We used the Goal-Question-Metric Paradigm [5] to formulate goals, hypotheses, questions, and metrics of the experiment.

5.1 Goals of Refining Vision Videos

We want to apply vision videos for stimulating discussions on open questions.

Main Improvement Goals: (1) We want to support the process of making choices by refining a vision into more detailed and concrete scenarios. (2) As a separate measurement goal, we want to explore the impact of a subjective camera perspective.

Goal 1 can be rephrased into GQM format: (Purpose) Analyze and compare (Quality Aspect) number of (new) contributions (Object) in feedback (Perspective) from young adults. Various combinations of text and video are compared, as specified below.

Research Questions:

In particular, we are interested in the benefit of providing a second medium. With respect to the GQM goal statement, we investigate whether new contributions can be raised (“stimulated”) by video and text, respectively. The camera perspective is directly related to Goal 2 above.

  • RQ1: Can adding videos stimulate discussion better than text alone?

  • RQ2: Can adding text stimulate discussions better than video alone?

  • RQ3: Does a subjective camera perspective in refined vision videos help to empathize with the actor representing a stakeholder?

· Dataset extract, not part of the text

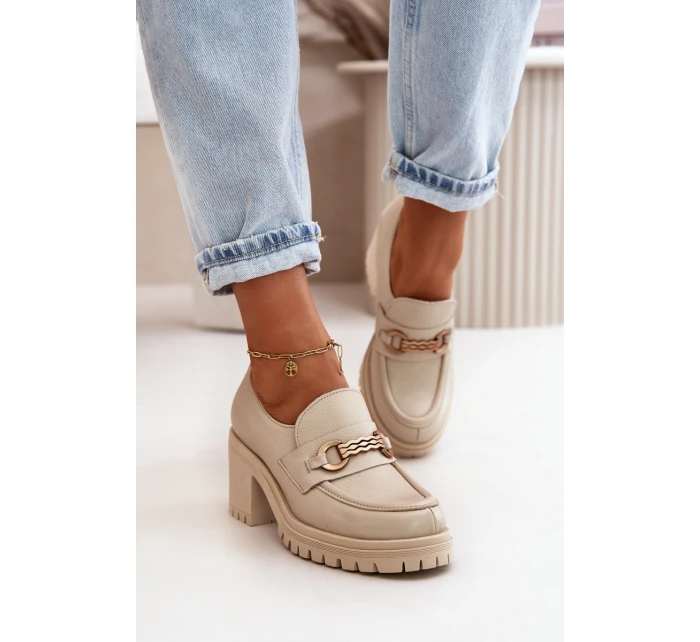 model 21669398 Lakované Polobotky Dámské Na Podpatku Přírodní Kůže Světle Béžové - Zazoo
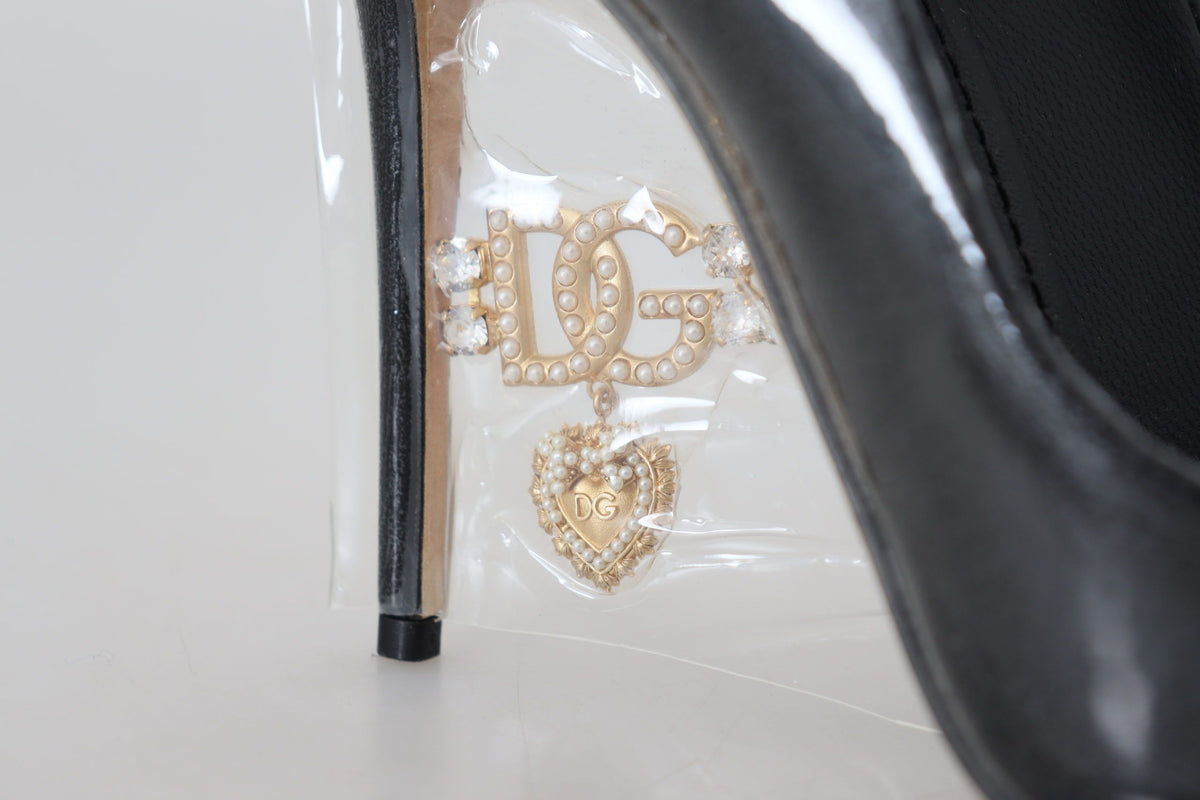 Dolce & Gabbana Black Leather Heels Pumps Plastic Wrapped Shoes schwarz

5.2 Video Set-Up and Experiment Procedure

The chosen study design leads to a simple and uniform process of conducting subject sessions. We describe here how the procedure unfolds, and explain our rationale with respect to answering the research questions while considering threats to validity.

Approach to Refining a Vision Video:

In a live or online discussion on rural shopping, discussions led to identifying ordering and delivery as two crucial open issues. Each subject chooses one refinement A-B-C for ordering, and one refinement 1-2-3 for delivery. Offered options were: (A) Ordering by taking a picture, (B) using a Dash Button, and (C) a self-ordering sensitive box. Delivery was offered (1) through neighbor-pickup, (2) drones, and (3) deposit in the trunk of a parked car. We used individual sessions for each subject. They saw the videos and texts on a laptop. On the side, they completed the paper questionnaire. Q1 to Q8 are the feedback “object” of Goal 1.

In the experiment, we followed the procedure depicted in Fig. 2. We provided a scenario of buying groceries with two open issues (halt points): (Issue 1) “How can groceries be ordered?” and (2) “How are they delivered?” Subjects completed a questionnaire with eight parts Q1…Q8: Triangles in Fig. 2 indicate what parts of the questionnaire were answered when. For example, Q1 asks for ideas for rural shopping after reading the intro text. Q2 was completed after an introductory video was shown.

Fig. 2.
figure 2

Video structure and experiment design, with Questionnaire parts Q1..Q8

There are two groups of subjects in the experiment (Fig. 2). Group 1 saw subjective style videos first (for ordering), and then third person videos (delivery). Group 2 started with third-person videos (ordering), and then saw subjective videos for delivery. This cross design is supposed to mitigate learning effects while at the same time exposing every subject to both camera perspectives. It is important to note that the presented alternatives (refinements A-B-C and 1-2-3) of ordering and delivery must be shown in the same order to all subjects: They are part of the stimulus that must be kept unchanged in order to produce comparable results.

5.3 Hypotheses

In the first block of hypotheses, we investigate subjective aspects of the research questions which are devoted preference. The second block of hypotheses investigates the performance in terms of the number of contributions. In particular, we investigate the following alternative hypotheses which represent our assumptions. Null hypotheses are reported in the result section (Sect. 6) together with the results they refer to.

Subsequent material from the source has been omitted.